Working paper

Using the Press to Construct a New Indicator of Inflation Perceptions in France

Published on 25 August 2023
Authors : Olivier de Bandt, Jean-Charles Bricongne, Julien Denes, Alexandre Dhenin, Annabelle De Gaye, Pierre-Antoine Robert

Working Paper Series no. 921. The paper applies Natural Language Processing techniques (NLP) to the quasi-universe of newspaper articles for France, concentrating on the period 2004-2022, in order to measure inflation attention as well as perceptions by households and firms for that country. The indicator, constructed along the lines of a balance of opinions, is well correlated with actual HICP inflation. It also exhibits good forecasting properties for the European Commission survey on households’ inflation expectations, as well as overall HICP inflation. The method used is a supervised approach that we describe step-by-step. It performs better on our data than the Latent-Dirichlet-Allocation (LDA)-based approach of Angelico et al. (2022). The indicator can be used as an early real-time indicator of future inflation developments and expectations. It also provides a new set of indicators at a time when central banks monitor inflation through new types of surveys of households and firms.

Image Using the Press to Construct a New Indicator of Inflation Perceptions in France
Inflation Perception Press Indicator (LHS) and :
- survey-based Household inflation expectations
- HICP

Newspapers disseminate a wealth of data that describe economic developments and may therefore shape agents’ expectations. Available every day, newspaper articles can provide a quasi-instantaneous assessment of inflationary pressures that can be useful to economic agents and Central Banks. They complement the increasing reliance by Central Banks on indicators of inflation expectations from business or households’ surveys, beyond the traditional indicators derived from financial markets.

There is a growing literature that uses Natural Language Processing (NLP) techniques and Artificial Intelligence (AI) in order to build macro-economic indicators. Starting from the analysis of GDP developments, researchers investigate now new dimensions, with an extension to inflation developments.

The paper analyses more than one million articles from the written press or press/news agencies since 2004 in France, using commercial data available from the Factiva API. Based on a set of 30 sources corresponding to major daily newspapers or weekly magazines of the national and regional press, paper and/or online, we construct indicators of perceived inflation in France in the spirit of the work of Angelico et al. (2022) for Italy.

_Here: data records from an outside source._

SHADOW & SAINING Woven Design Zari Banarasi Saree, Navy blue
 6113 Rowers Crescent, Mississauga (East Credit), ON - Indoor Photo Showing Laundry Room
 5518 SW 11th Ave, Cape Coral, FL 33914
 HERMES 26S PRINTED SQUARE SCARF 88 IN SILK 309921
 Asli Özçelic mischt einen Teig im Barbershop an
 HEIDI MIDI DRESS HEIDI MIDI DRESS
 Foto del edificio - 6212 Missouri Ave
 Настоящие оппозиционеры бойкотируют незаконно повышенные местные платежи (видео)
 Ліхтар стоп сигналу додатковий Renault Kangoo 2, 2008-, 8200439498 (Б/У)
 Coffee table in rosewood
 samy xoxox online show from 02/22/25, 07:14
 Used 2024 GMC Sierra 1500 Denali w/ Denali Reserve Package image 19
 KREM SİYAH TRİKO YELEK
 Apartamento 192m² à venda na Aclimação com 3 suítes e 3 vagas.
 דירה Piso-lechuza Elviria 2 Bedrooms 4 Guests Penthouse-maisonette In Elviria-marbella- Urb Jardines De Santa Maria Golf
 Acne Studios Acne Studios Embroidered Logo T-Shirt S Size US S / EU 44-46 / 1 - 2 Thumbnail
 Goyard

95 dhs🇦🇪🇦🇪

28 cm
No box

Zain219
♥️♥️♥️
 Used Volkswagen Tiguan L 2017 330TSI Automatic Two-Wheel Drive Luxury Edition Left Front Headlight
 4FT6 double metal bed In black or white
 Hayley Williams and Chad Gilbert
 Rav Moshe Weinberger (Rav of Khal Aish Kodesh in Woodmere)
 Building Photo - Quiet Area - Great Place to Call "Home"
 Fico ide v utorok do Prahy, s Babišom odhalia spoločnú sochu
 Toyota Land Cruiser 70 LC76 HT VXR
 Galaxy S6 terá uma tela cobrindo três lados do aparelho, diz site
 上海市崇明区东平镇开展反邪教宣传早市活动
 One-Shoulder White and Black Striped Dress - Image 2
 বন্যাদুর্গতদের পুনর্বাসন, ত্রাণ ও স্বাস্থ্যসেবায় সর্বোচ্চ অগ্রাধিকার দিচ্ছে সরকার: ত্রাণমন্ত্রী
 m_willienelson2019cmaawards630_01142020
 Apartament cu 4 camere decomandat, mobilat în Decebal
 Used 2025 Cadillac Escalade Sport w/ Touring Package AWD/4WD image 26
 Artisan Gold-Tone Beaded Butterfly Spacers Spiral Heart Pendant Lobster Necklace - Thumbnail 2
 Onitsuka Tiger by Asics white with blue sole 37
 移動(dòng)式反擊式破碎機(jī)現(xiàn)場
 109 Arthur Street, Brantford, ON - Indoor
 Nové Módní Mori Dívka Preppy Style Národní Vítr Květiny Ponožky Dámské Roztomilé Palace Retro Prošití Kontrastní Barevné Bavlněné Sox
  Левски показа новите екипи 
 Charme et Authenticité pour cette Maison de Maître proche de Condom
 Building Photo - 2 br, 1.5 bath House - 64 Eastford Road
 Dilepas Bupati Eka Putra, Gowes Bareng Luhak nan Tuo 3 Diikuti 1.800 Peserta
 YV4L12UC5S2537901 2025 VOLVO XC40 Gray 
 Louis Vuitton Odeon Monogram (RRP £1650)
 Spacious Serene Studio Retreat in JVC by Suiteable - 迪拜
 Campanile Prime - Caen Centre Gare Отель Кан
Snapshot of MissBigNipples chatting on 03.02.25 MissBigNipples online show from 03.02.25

The method is based on a selection of articles using keywords (related to the semantic field of "inflation" or "prices") as well as filtering and classification algorithms. They are used to select only the articles that actually deal with goods and services inflation and not other topics (e.g. literary 'prizes' or awards which are written in the same way in French), or other types of inflation. A distinction for the direction of price changes is then also made (rising, falling or stable) again based on classification algorithms.

Several techniques are available to construct text-based indicators and one objective of the paper is to compare their performance, in particular between “supervised” and “unsupervised” methods. The first ones require human labelling to train the model, as in our case, while the second types of methods do not rely on human intervention for training but still need it a posteriori, such as for the selection of relevant topics as in Angelico et al. (2022), that we reproduce in the paper for comparison.

We first provide a measure of intensity of inflation (i.e. the frequency of articles associated with inflation) since it may be a useful measure of the “attention” to inflation by media and economic actors in the sense of Korenok et al. (2022).

However, the direction of inflation also matters and we also create an indicator which signals the direction of prices and is constructed as a “balance of opinions” inspired by surveys among households and firms. We find that such an indicator presents interesting statistical properties. The indicator is well correlated with the EU Commission’s household survey of one year ahead inflation expectations (Figure A). In comparison to other indicators of inflation expectations from Consensus Forecasts or financial markets, the indicator has better forecasting properties: it is always retained by an automatic selection algorithm, also including a variety of control variables (oil prices in euro, short term business cycle). It is also well correlated with overall inflation (Figure B) and has good forecasting power for one quarter ahead inflation in a Phillips curve framework.

The signal provided by the indicator is only slightly different when we exclude articles expressing the views of experts. For that purpose, we make a distinction between experts and non-experts, and within the experts’ category we also try to discriminate between policymakers and other private-sector experts since the former may have specific information about inflation developments that we may not want to capture.

We also show that the Machine-Learning based approach that we implement performs significantly better for France than the unsupervised approach proposed by Angelico et al (2022), based on LDA (Latent Dirichlet Allocations) or bi-grams only.